Der Weg zurück in Richtung Bahnhof glich, nachdem wir uns von den in die Busse eilenden RWE-Fans getrennt hatten, einen gemütlichen Herbstspaziergang durch die köpenickschen Wälder. Meinen Schal hatte ich dennoch vorsorglich in die Tasche gesteckt. Man kann ja nie wissen. Und so erfuhren die Union-Fans, die am Bahnhof unmittelbar neben uns standen und sangen „Wo sind denn die Erfurt-Fans?“ nie, wie nahe sie uns waren. Als uns dann auch noch die Kunde von Chrischis drittem Platz (einschließlich gewonnenem Pokal!) beim Potsdamer Tanzturnier erreichte, war das Wochenende, welches mit Sightseeing in Berlin und Potsdam bis Sonntag verlängert wurde, perfekt.
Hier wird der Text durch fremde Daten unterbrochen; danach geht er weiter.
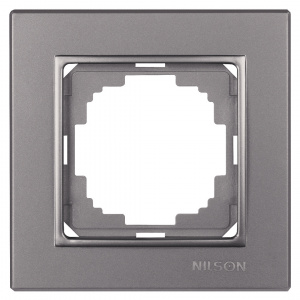 Рамка Nilson ALEGRA 1 мест., metallic/антрацит (25160091)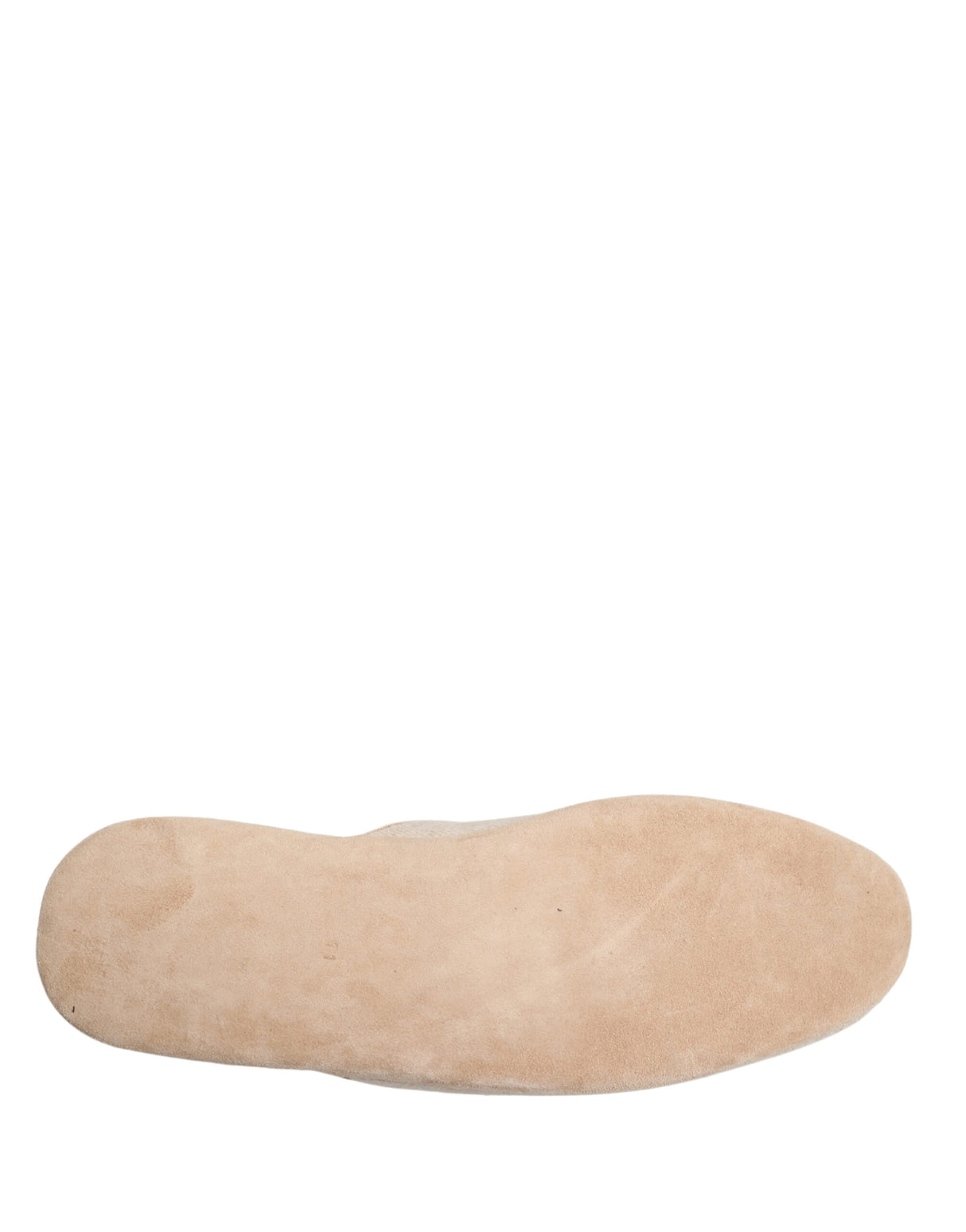 Dolce & Gabbana Beige Shetland Wool Red Quilted Slippers Shoes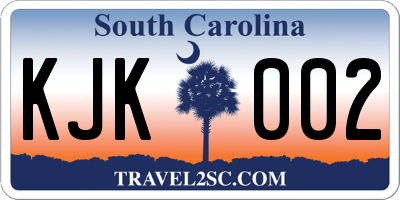 SC license plate KJK002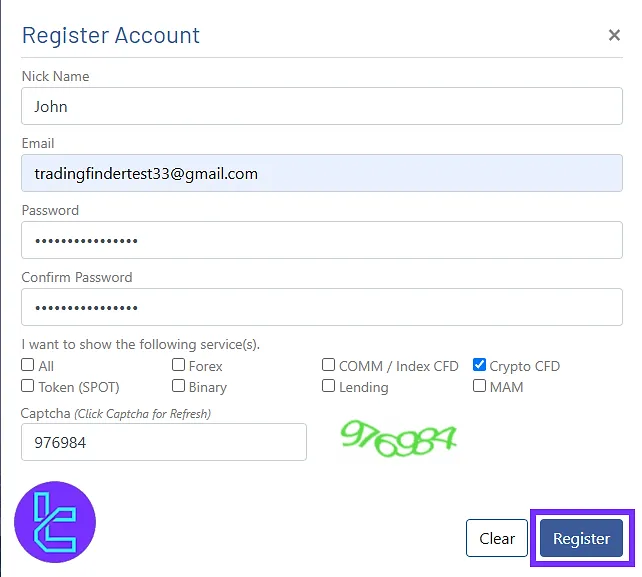 BitEclipse sign-up form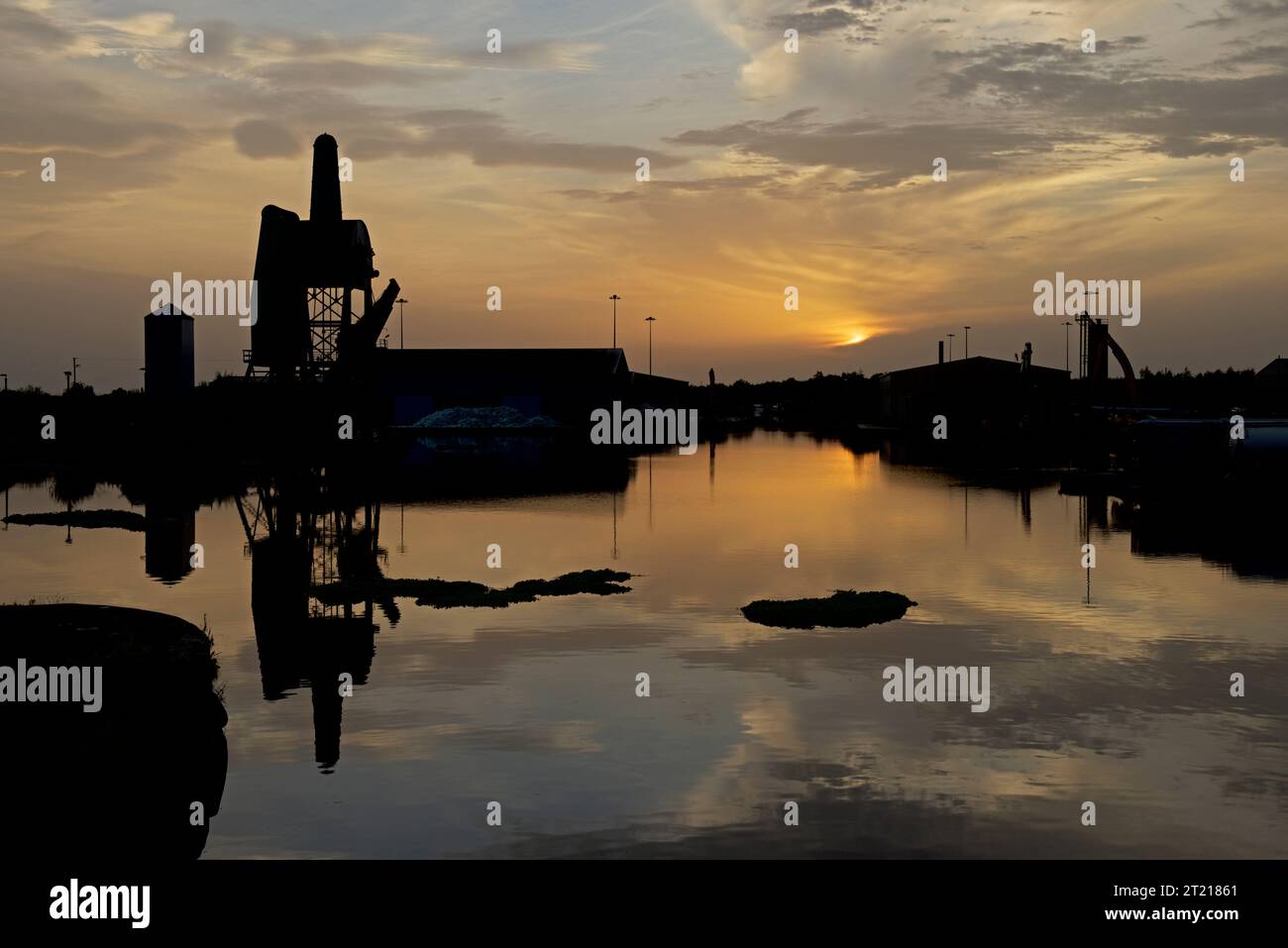 The Tom Pudding hoist, silhouetted against the evening sky, at the docks, Goole,. East Yorkshire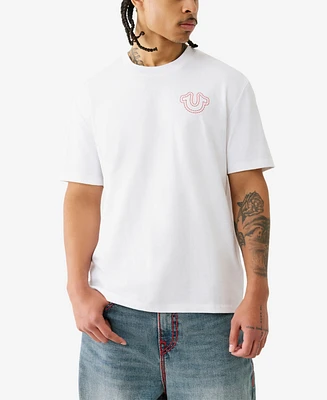 True Religion Men's Short Sleeve Puff Stitch T-Shirt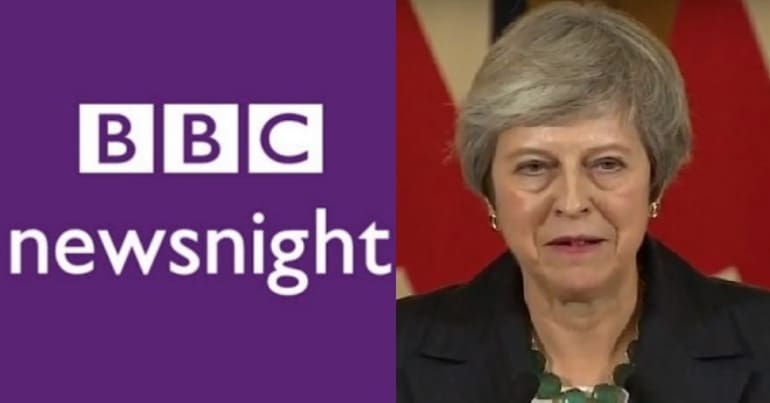 Newsnight logo and Theresa May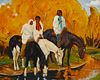 Laverne Nelson Black (1887-1938), Western Native Americans on horseback, Oil on board, 10" H x 12" W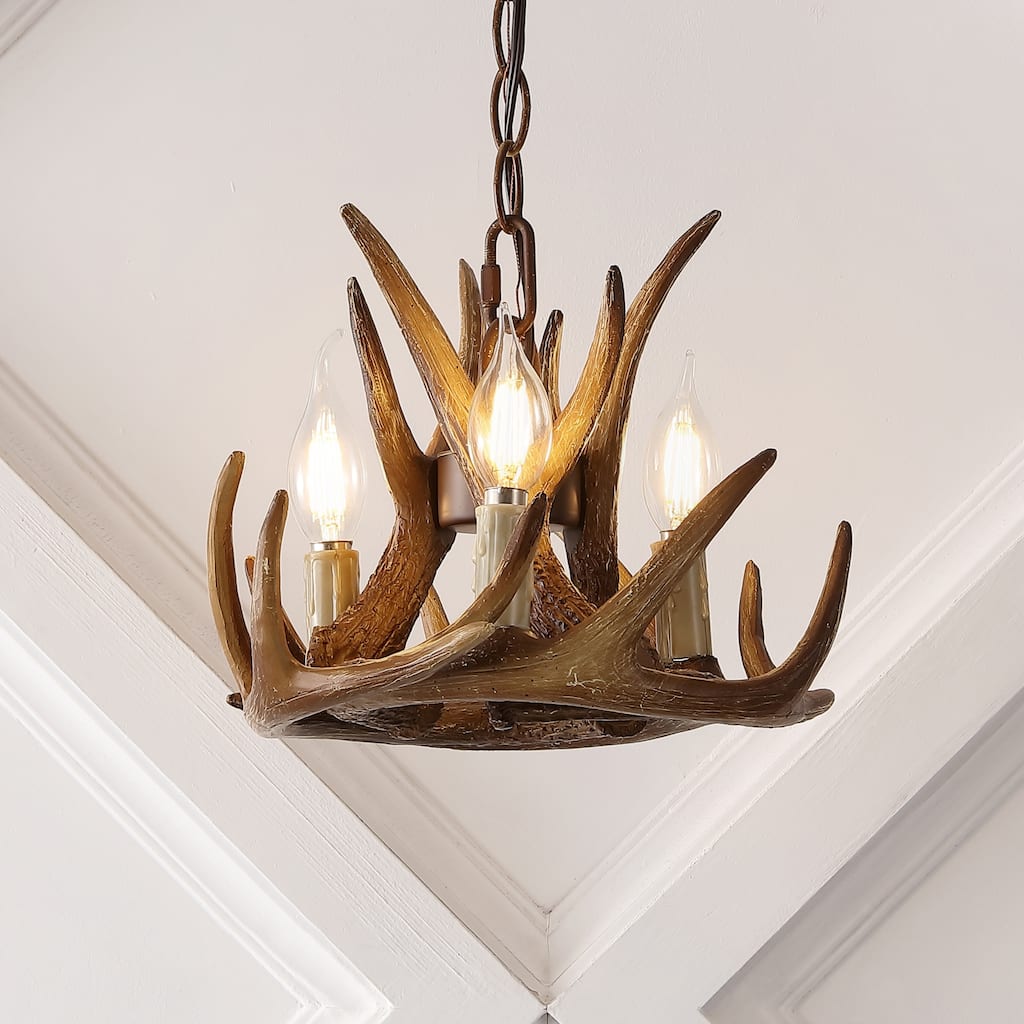 Draper 11.5" Adjustable Resin Antler 3-Light LED Chandelier, Brown by JONATHAN Y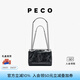 PECO城市系列嬉皮包鏈條斜挎包黑色真皮油蠟皮百搭方包女包禮物 經(jīng)典黑 頭層油蠟牛皮 現貨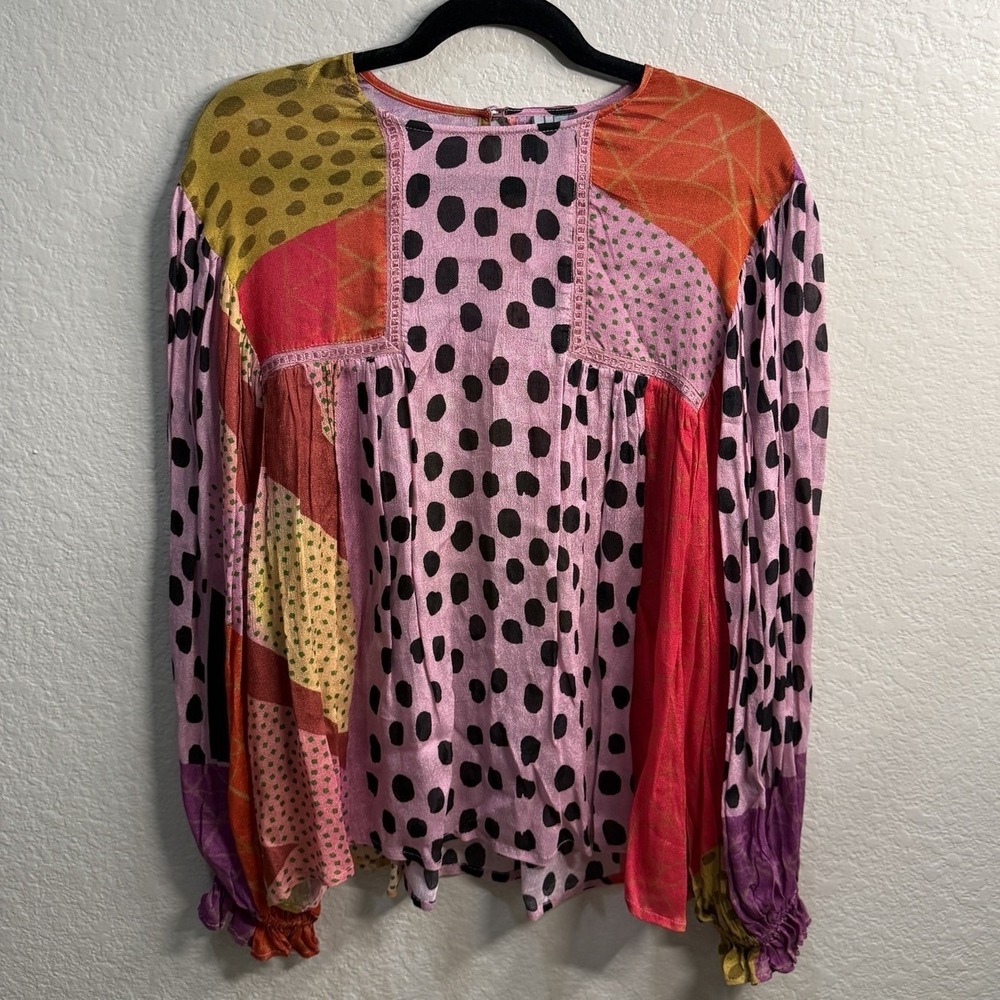 Blank London Patchwork Polka Dot Metallic Babydoll Blouse Pink Red Womens Small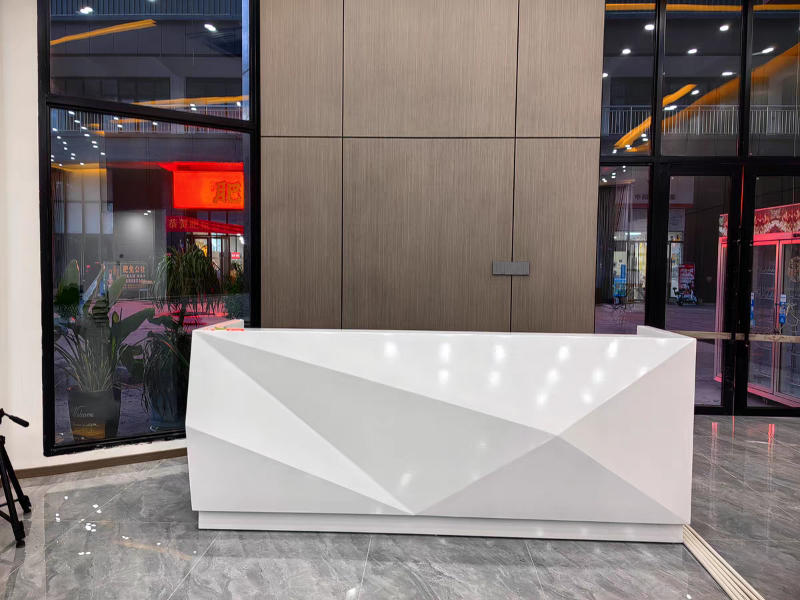 Elegant White Lacquer Front Desk – Modern Reception - Customer Photo From Rebecca Carter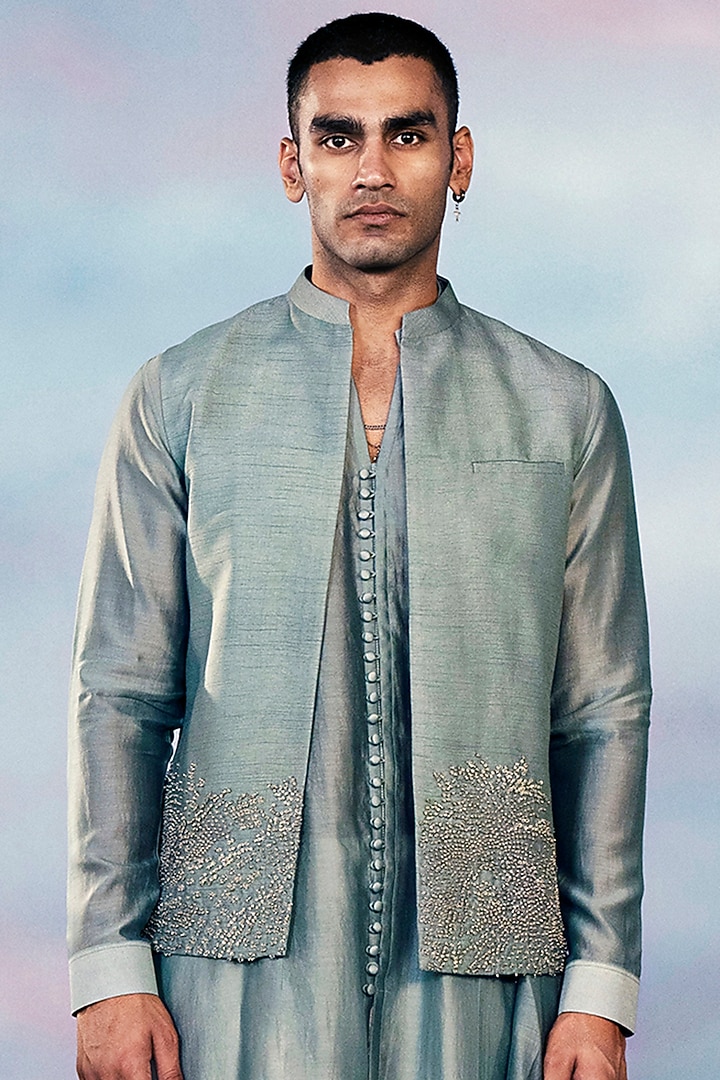 Metal Blue Viscose Dupion Embroidered Jacket Set by Rohit Gandhi & Rahul Khanna Men at Pernia's Pop Up Shop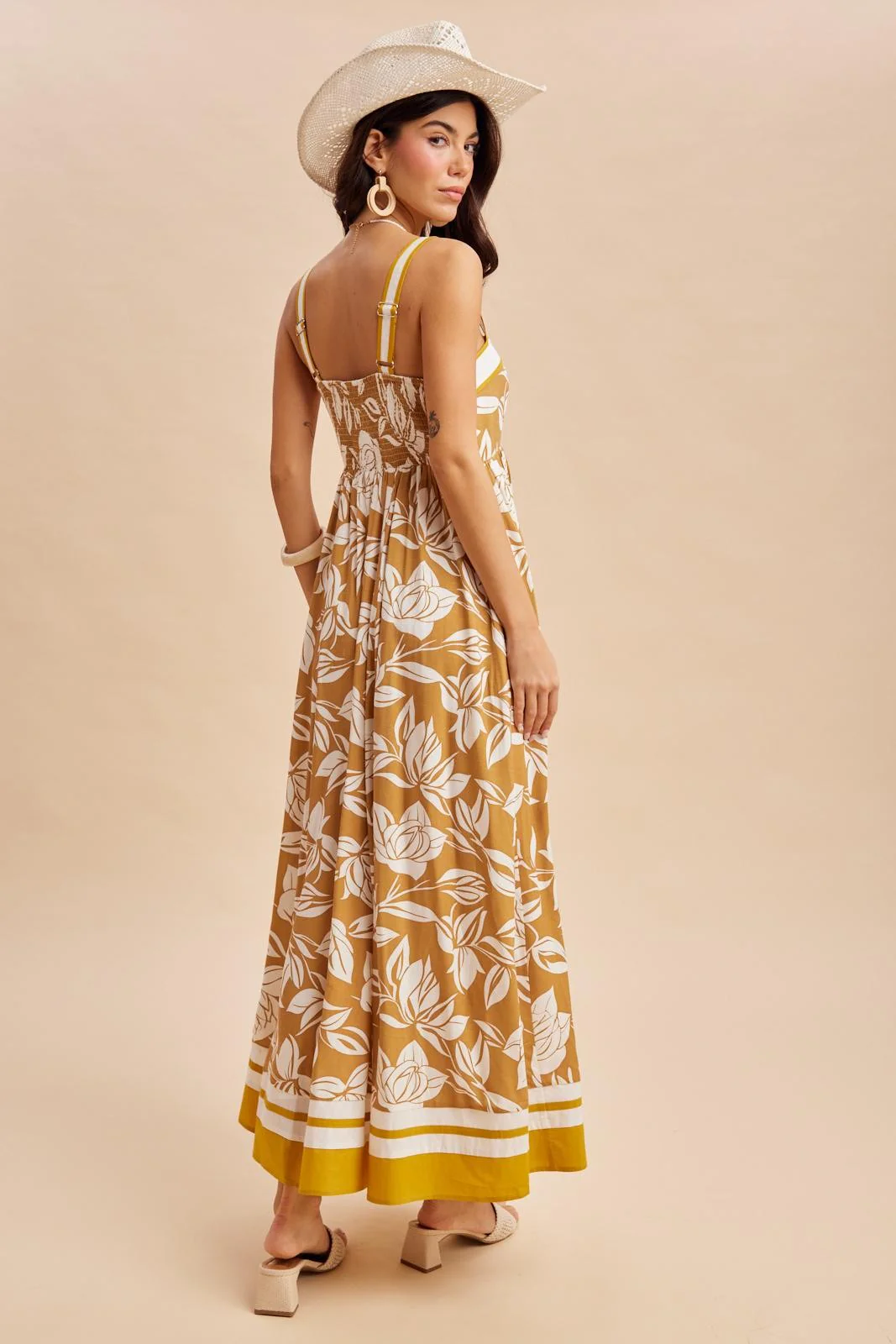 Golden Yellow Floral Sleeveless Maxi Dress - Image 4
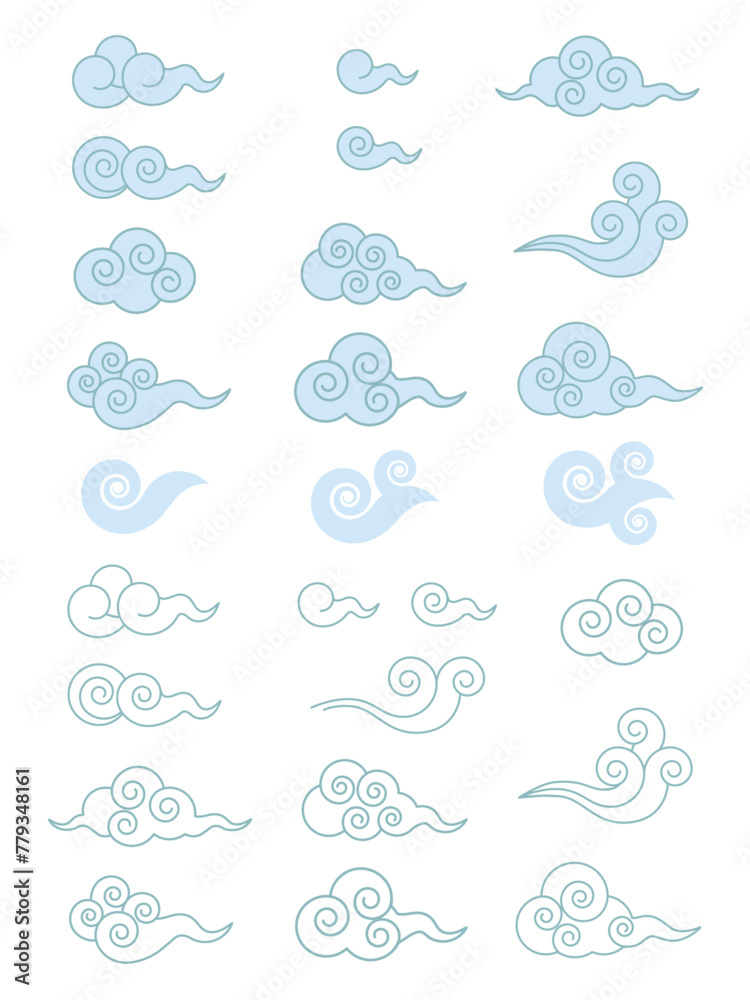 classical cloud pattern illustration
Da störte uns der auf der Rückfahrt bei Leipzig schlapp machende Hinterreifen an Chrischis Rennfiesta auch nicht weiter.

Ein kulinarischer Tipp noch: Wer in Potsdam Hunger hat, sollte mit der S 7 zur Station Babelsberg fahren. Der Döner im Bahnhof (Geöffnet täglich bis 5 Uhr morgens!) ist richtig klasse! Und ich, der unter hessischen Preisen leiden muss, fand den Döner mit 2,50 auch preismäßig schwer in Ordnung.

16.09.2006

Regionalliga Nord 2006/07 - 8. Spieltag (16.09.2006)

FC ROT-WEISS ERFURT - WUPPERTALER SV 0:0

Der Block 3 in der Kurve feierte. Der Block E auf der Tribüne feierte. Und das noch eine halbe Stunde nach dem Spiel. Unaufhörlich wurde gesungen und gefeiert. Wir hatten das Stadion schon lange verlassen. Wir waren bereits an unseren Autos. Und immer noch hallte es aus dem Stadion. Was gab es zu feiern? Ein torloses Remis gegen einen biederen Gegner, der, so hatte man das Gefühl, nicht wirklich nach Erfurt gekommen war, um auf Teufel komm raus zu gewinnen. Ein 0:0 animierte zu solchen Reaktionen der Fans? Warum? Weswegen?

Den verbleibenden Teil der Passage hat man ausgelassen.